- [SUPPLIED DATA]
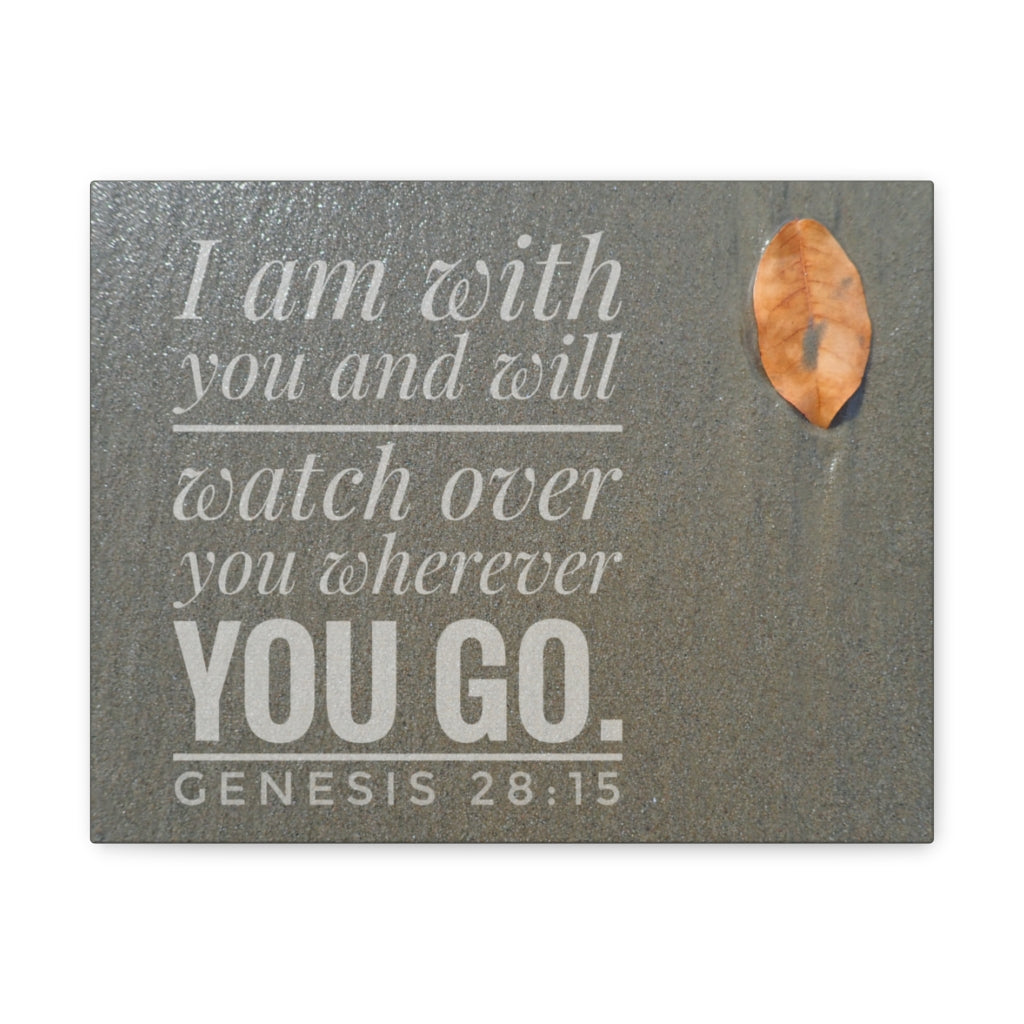 Scripture Walls Watch Over You Genesis 28:15 Bible Verse Canvas Christian Wall Art Ready to Hang Unframed-Express Your Love Gifts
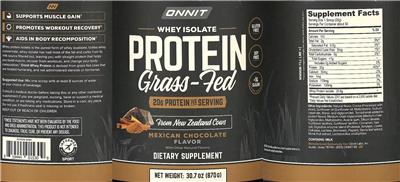 Grass-Fed Whey Isolate Protein Mexican Chocolate Flavor label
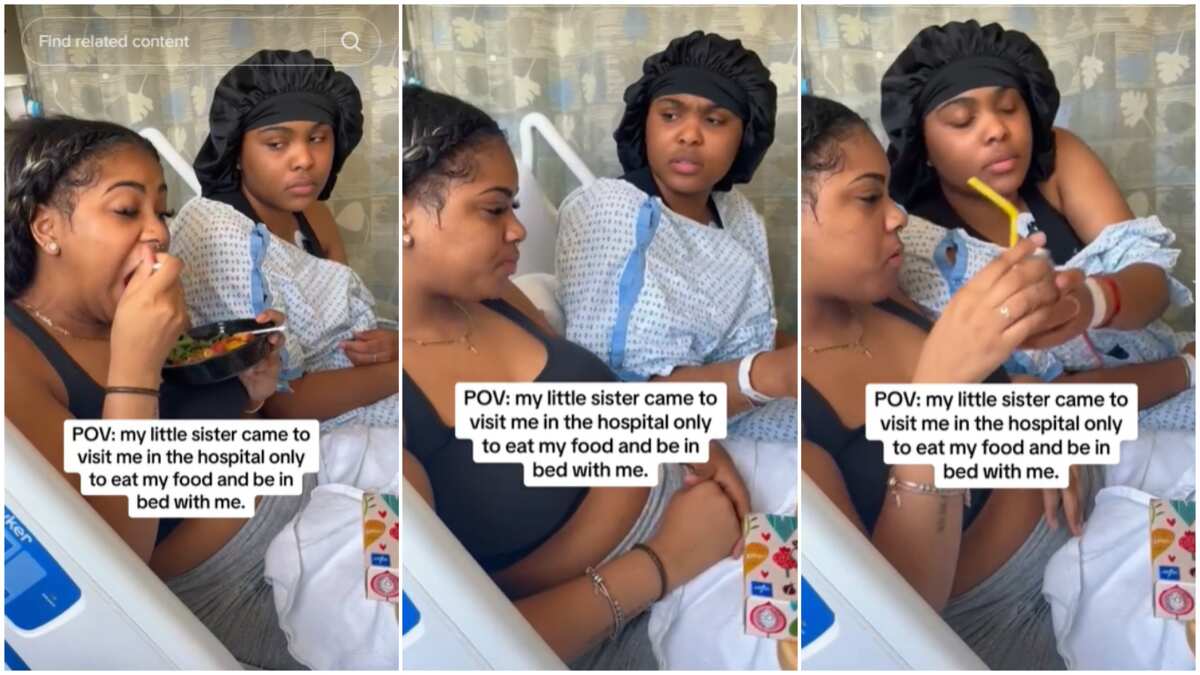 I Am That Sibling: Young Lady Surprises Sick Sister, Eats Her Food, Sips  Drink in Viral Video -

- [EXERCISE BRIEF] When copying the listing, skip the pictures and keep each line exactly as written.

- [RESPONSE BOX]
 Scripture Walls Watch Over You Genesis 28:15 Bible Verse Canvas Christian Wall Art Ready to Hang Unframed-Express Your Love Gifts
 Grass-Fed Whey Isolate Protein Mexican Chocolate Flavor label
 I Am That Sibling: Young Lady Surprises Sick Sister, Eats Her Food, Sips  Drink in Viral Video -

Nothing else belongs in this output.